[Items from a dataset]
===

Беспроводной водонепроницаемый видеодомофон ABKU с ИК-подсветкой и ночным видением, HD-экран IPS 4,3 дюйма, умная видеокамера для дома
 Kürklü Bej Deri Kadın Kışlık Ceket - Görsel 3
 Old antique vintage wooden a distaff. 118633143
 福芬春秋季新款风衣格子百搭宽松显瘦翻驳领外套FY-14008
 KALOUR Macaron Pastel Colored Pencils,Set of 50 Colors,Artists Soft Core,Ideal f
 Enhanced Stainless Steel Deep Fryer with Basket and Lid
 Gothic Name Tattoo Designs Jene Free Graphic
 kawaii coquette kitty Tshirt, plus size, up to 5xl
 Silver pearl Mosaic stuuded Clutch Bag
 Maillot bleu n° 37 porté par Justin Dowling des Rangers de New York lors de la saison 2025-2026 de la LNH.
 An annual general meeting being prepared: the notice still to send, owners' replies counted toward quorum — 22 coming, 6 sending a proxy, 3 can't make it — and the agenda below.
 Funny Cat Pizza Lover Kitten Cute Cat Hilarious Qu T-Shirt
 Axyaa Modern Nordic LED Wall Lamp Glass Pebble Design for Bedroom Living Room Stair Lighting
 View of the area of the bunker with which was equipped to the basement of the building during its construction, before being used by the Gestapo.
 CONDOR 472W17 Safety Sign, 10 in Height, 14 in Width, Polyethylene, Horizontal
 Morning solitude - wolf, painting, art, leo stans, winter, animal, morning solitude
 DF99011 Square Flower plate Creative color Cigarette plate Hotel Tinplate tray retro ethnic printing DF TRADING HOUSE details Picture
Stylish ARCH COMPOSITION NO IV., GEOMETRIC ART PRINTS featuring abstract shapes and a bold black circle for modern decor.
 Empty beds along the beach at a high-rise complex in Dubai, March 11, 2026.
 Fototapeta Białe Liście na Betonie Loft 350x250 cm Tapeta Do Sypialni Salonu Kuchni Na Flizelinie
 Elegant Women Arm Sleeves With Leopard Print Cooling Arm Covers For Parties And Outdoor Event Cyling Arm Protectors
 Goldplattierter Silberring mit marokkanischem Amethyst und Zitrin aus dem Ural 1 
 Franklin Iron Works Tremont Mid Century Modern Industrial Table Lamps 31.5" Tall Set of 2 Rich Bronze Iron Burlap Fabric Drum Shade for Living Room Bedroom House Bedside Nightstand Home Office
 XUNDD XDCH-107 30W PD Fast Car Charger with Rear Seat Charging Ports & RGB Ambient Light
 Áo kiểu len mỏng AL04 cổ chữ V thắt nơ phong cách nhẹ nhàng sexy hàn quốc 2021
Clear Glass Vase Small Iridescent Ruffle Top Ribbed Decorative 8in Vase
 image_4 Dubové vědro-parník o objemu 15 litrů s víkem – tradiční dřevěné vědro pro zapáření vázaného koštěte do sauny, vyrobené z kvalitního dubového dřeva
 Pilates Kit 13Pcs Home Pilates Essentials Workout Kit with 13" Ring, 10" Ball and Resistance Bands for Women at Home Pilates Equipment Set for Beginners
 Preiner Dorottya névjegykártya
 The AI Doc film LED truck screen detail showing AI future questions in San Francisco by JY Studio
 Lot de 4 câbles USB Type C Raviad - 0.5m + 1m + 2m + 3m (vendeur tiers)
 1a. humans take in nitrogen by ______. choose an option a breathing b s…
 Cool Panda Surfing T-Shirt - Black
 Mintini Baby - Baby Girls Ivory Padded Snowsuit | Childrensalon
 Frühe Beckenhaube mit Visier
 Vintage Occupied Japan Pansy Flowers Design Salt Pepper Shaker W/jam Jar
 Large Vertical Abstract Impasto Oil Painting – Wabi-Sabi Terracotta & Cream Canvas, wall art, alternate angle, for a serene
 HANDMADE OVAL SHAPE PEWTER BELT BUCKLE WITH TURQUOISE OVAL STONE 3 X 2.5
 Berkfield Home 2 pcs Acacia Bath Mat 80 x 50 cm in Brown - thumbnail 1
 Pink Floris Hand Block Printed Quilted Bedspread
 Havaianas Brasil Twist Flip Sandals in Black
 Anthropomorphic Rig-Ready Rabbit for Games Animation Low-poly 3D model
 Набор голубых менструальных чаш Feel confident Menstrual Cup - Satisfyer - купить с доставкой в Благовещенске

===

Gather each line from the entries above that includes the word "Bedroom".

- **Task answer**
 Axyaa Modern Nordic LED Wall Lamp Glass Pebble Design for Bedroom Living Room Stair Lighting
 Franklin Iron Works Tremont Mid Century Modern Industrial Table Lamps 31.5" Tall Set of 2 Rich Bronze Iron Burlap Fabric Drum Shade for Living Room Bedroom House Bedside Nightstand Home Office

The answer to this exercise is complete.